First modules: core training

sgugger · August 16, 2018, 12:57pm

You may have noticed that the first modules of fastai_v1 appeared on github yesterday. They cover the notebooks 1, 3 and 4 (everything in dev_nb apart from data augmentation) which represents everything that has to do with training.

Even if a lot of stuff is still missing, the structure is already there: the imports folder will contain specific imports module separated by topics (core, torch, vision, text, structured/tabular). Basically each module will depend on imports.core then we add the stuff we need depending on the situation.

Inside the library, the lowest modules are core and torch_core, which contains the utility functions that will be used in the other modules. Following the conclusion of this topic, there won’t be systemic import * in fastai_v1, so the conventions are to import core as c and torch_core as tc. In the other modules, we import the specific functions/classes needed.

Above core is data, which contains the Dataset/DataLoader and DataBunch (an object regrouping the different data loaders). It will depend on the module transforms once this one exists.

Just on top of data is the basic module that defines the callbacks, callback. It also contains the wrapper around the optimizer and the Recorder (since this callback is always created by Learner objects). Then we have basic_training, where the training loop is as well as the Learner object.

The more advances features are defined in callbacks, a separate folder where each separate callback is defined in his own file for more readability. The imports.callbacks module is there to regroup all the names of those callbacks, and the convention is to import it as cb in the other modules.

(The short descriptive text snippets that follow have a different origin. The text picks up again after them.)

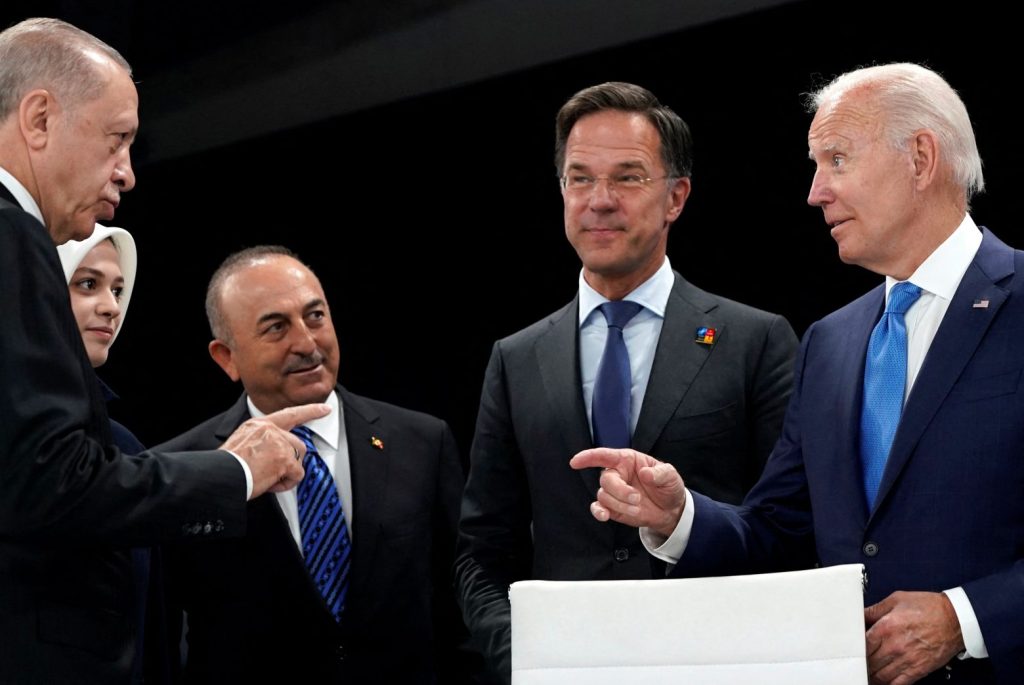 NATO SUMMIT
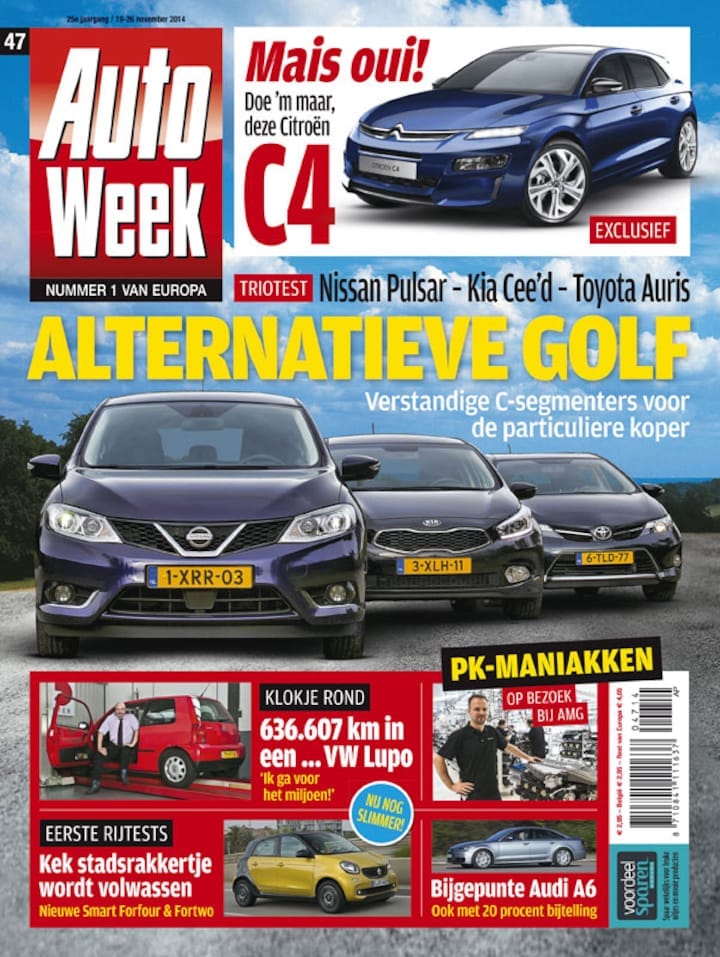 AutoWeek 47 2014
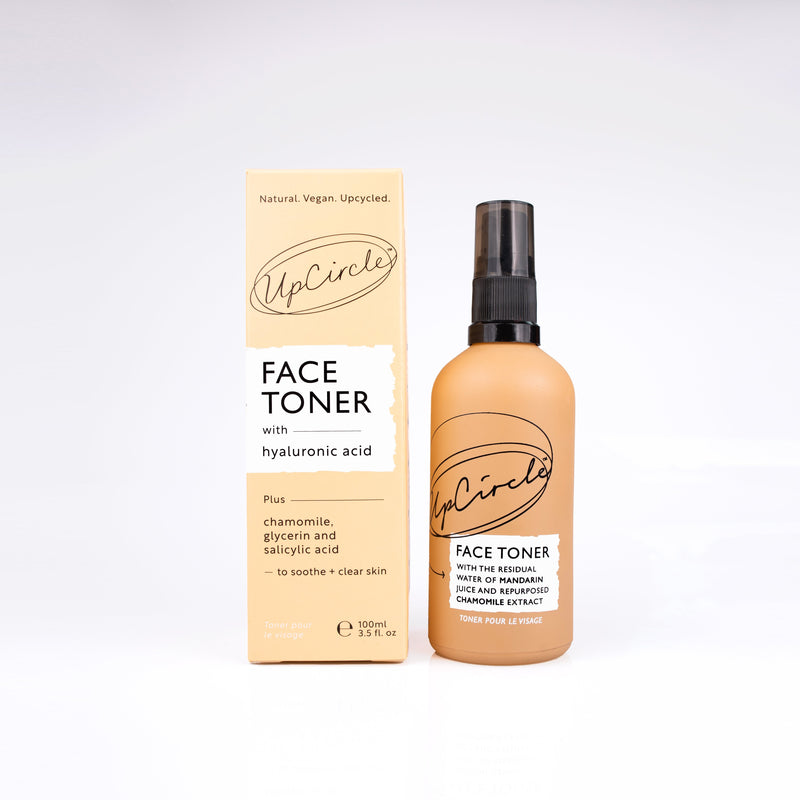 Face Toner with Hyaluronic Acid 100ml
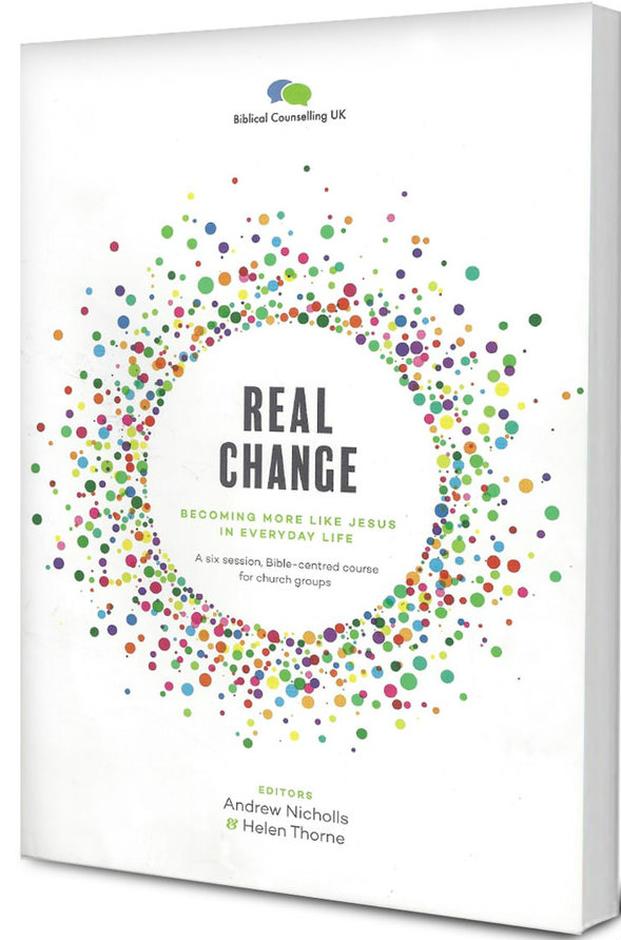 Real Change - Re-vived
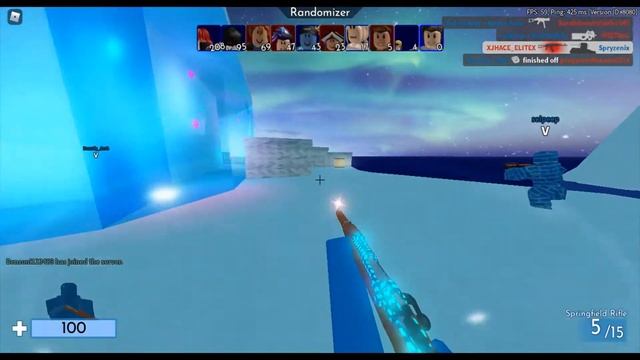 The Best Roblox Ping смотреть онлайн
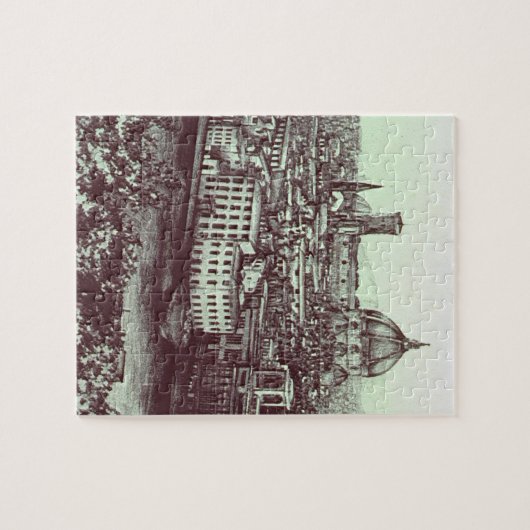 Firenze Legpuzzel (Horizontaal)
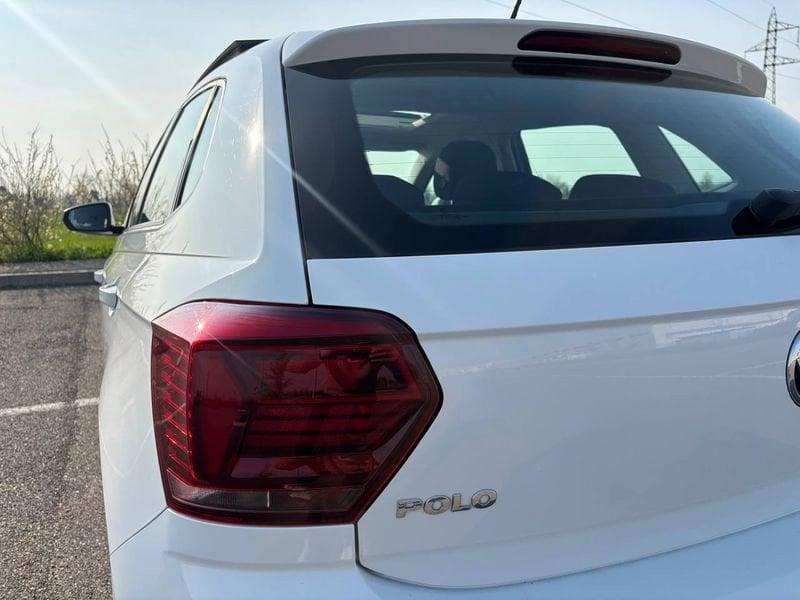 Volkswagen Polo *TETTO* NEOP. DSG 1.0 Benzina 95cv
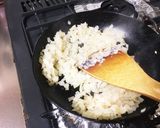 キャベツ入りジューシーハンバーグ作り方1写真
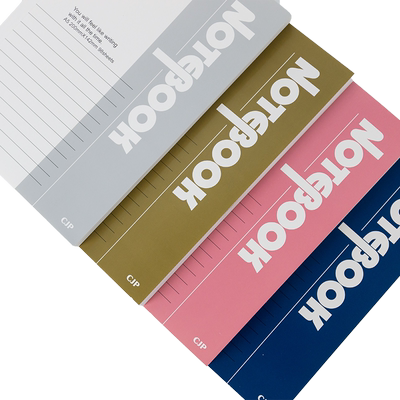 简约a5练习本本手账软皮办公用品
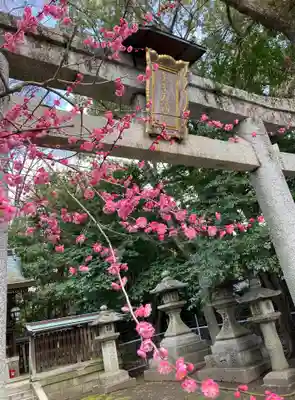 北野天満宮(京都府)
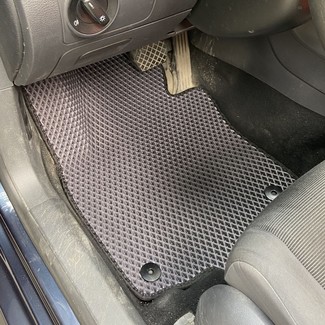 Коврики на Volkswagen Golf 6 2008 - 2013 в Архангельске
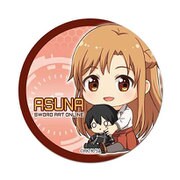 ぎゅぎゅっと缶バッチ ソードアート・オンライン アリシゼーション 結城 明日奈 [キャラクターグッズ]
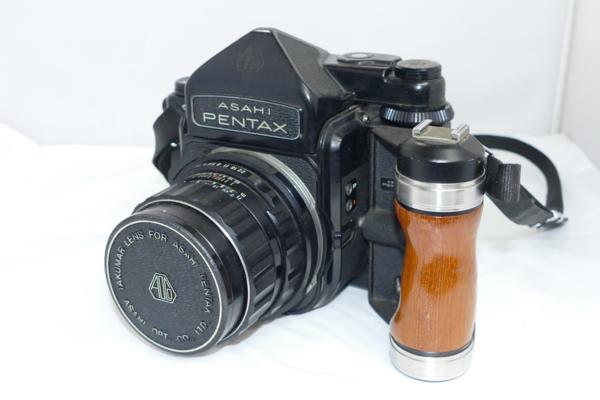 ☆ジャンク ASAHI PENTAX 6x7 アサヒ ペンタックス レンズ☆ アサヒ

Then the highest module is train, which contains the helper function that will create the callbacks and launch training (for instance lr_find(learn), or fit_one_cycle(learn, lr, cyc_len)). Lastly there is a fastai.everything just to be able to type from fastai.everything import *, which is going to be the norm in the notebooks of the course.

Here the graph of dependencies:

Full file is here if you can’t see properly, and the bigger one with external modules is here.

jeremy · August 16, 2018, 7:07pm

This may change a little. Thru careful use of __all__ and keeping track of the dependency graph, we may find we can use import * in some limited cases without any significant downside. This is still a somewhat open topic and will require more experimentation to come to a final conclusion.

What we can definitely say it that subsets of the library will be usable without importing anything unnecessary, and each module’s namespace will only include stuff that makes sense to be there.

PranY · August 19, 2018, 7:45am

In a serious attempt to understand the fastai library structure and the functioning of callbacks, I tried to manually create and prune(if possible) the complete dependency graph using the link you shared.

I couldn’t simplify it much but added decent level of symmetry and spatial relatedness, this one helps me understand the picture better, passing it on for everyone

I have tried my best to keep related things as close as possible in the space and use relevant colored arrows to indicate the flow. I have intentionally removed fastai.everything for now and left space under fastai.imports to account for various upcoming things. Once the imports are approximately fixed (core, torch, vision, text, structured/tabular), I’ll re-think about how to connect everything more neatly with fastai.everything

Will try to explore what jeremy mentioned above with one connection at a time as I’m very much new to selective dependency parsing and the use of __all__